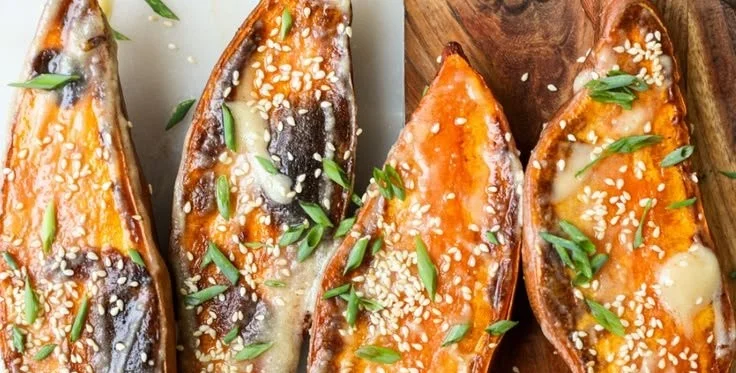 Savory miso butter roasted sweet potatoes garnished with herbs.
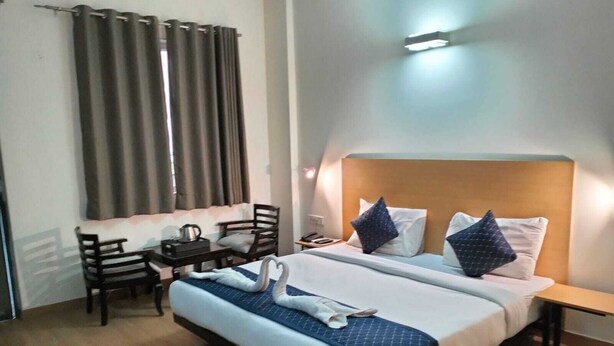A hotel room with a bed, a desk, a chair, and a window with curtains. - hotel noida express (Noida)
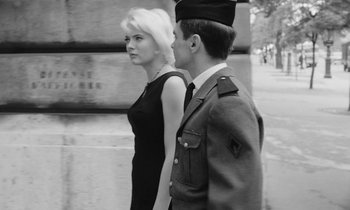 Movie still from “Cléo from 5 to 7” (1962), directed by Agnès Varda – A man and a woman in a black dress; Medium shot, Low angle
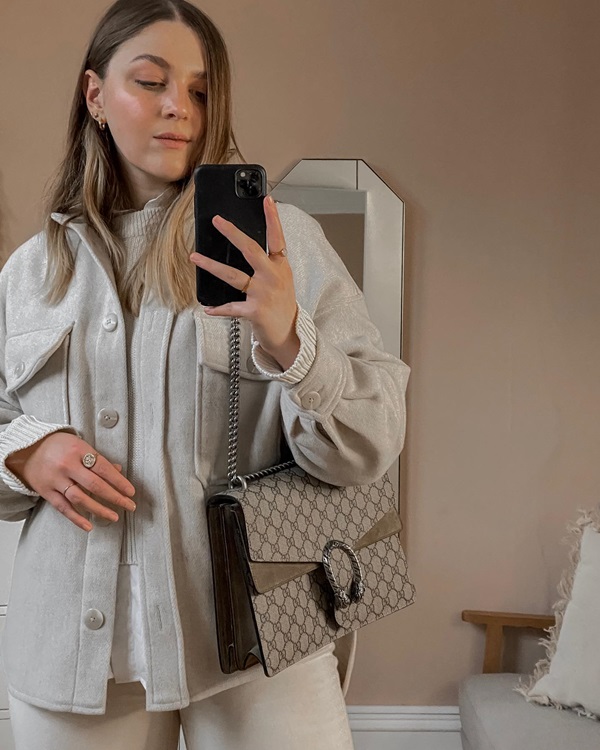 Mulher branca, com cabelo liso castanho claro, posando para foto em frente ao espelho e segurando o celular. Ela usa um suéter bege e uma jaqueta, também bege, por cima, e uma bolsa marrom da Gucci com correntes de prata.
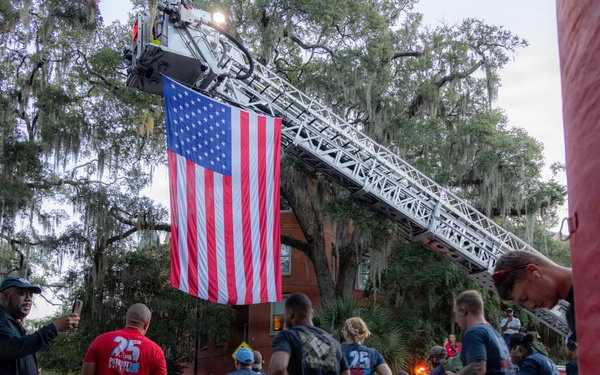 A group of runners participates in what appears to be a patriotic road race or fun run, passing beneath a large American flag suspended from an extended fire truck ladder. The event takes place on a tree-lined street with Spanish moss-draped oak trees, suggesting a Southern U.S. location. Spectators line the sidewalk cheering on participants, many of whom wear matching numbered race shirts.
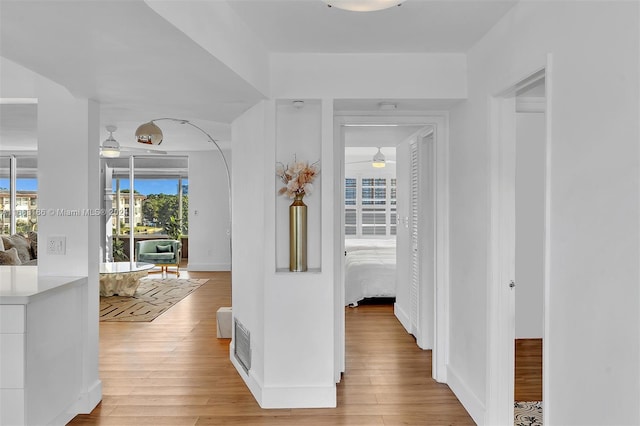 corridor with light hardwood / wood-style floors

────────────────────

**About this exercise**: Excluding the pictures, restate the records above word for word.

**Output below**:
 Savory miso butter roasted sweet potatoes garnished with herbs.
A hotel room with a bed, a desk, a chair, and a window with curtains. - hotel noida express (Noida)
 Movie still from “Cléo from 5 to 7” (1962), directed by Agnès Varda – A man and a woman in a black dress; Medium shot, Low angle
 Mulher branca, com cabelo liso castanho claro, posando para foto em frente ao espelho e segurando o celular. Ela usa um suéter bege e uma jaqueta, também bege, por cima, e uma bolsa marrom da Gucci com correntes de prata.
 A group of runners participates in what appears to be a patriotic road race or fun run, passing beneath a large American flag suspended from an extended fire truck ladder. The event takes place on a tree-lined street with Spanish moss-draped oak trees, suggesting a Southern U.S. location. Spectators line the sidewalk cheering on participants, many of whom wear matching numbered race shirts.
 corridor with light hardwood / wood-style floors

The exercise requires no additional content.